The Olympic Trials were chiefly distinguished by the absence of 20 of our best college players

The intrusive priorities of school work, pro contracts, tired bones and a threatened boycott having taken their toll, the U.S. Olympic basketball trials finally reached the showdown stage last week with barely enough candidates for a fast break in a broom closet.

True enough, the Olympic Committee had coaxed and cajoled sufficient players into coming to Albuquerque for the tournament—88 warm bodies spread among eight teams (four from the NCAA, one from the AAU, one from the Armed Forces, one from the NAIA and one from the junior colleges) showed up for the three days and nights of play. But most of the interest centered around those who didn't appear.

The Big E had taken money (to sign a contract with the San Diego Rockets), Big Lew had taken a stand (he admits his decision included implicit approval of the boycott) and many others had just taken a powder of undetermined origin. In addition to Houston's Hayes and UCLA's Alcindor, among the missing were Louisville's Westley Unseld, who said he was tired, Dayton's Don May, who said he was exhausted, and North Carolina's Larry Miller, who said he was injured.
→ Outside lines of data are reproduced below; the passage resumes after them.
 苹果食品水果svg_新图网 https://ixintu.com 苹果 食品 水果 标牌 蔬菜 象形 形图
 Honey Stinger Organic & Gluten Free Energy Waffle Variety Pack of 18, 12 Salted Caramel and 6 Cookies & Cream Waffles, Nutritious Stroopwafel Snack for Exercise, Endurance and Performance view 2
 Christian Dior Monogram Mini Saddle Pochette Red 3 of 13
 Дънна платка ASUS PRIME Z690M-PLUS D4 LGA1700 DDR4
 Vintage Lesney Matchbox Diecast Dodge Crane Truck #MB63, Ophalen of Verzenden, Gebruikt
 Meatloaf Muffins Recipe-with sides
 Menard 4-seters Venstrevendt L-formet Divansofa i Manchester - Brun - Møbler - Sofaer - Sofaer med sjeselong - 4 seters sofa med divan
Some, by sheer silence coupled with their absence, seemed to be saying best wishes, Olympics, but drop dead.

"We sat down the other day and figured it out," said Pete Newell, coach of the 1960 Olympic team and a member of the selection committee. "We've lost 20 to 25 of the country's top college players, including the six best centers."

Since a great majority of the absentees were seniors interested in a professional basketball career, it was thought that fine old standard, money, was rearing its ugly head again. Harsh as the judgment may seem, some players obviously were passing up the old red, white and blue for some long green. Olympic Coach Henry Iba went so far as to call the dropouts "bad citizens."

However, the NCAA powers-that-be were not escaping criticism either. Some college coaches, renewing an old argument, suggested that the trials were ill-timed and should be held in late summer when the players would be fresher, more enthusiastic and would not have to miss classes. But Newell, for one, was not sympathetic to this reasoning.

"How can we have trials in the summer when nobody's in shape?" he said. "The players would come in, after that long layoff, and get blisters, sore muscles and everything else. We couldn't judge them. I should think that schools would want to contribute to a national effort like this by making arrangements to help boys with their studies.

"I have been associated with four Olympic teams in the past, and nobody ever moaned about being tired and nobody lost out on any pro contracts because of injury. But I can't be critical of these kids. I just feel sorry for them. As a matter for posterity, playing in the Olympics is the greatest experience a basketball player could possibly have, and these boys will never know the great feeling that comes from representing this country against foreign teams."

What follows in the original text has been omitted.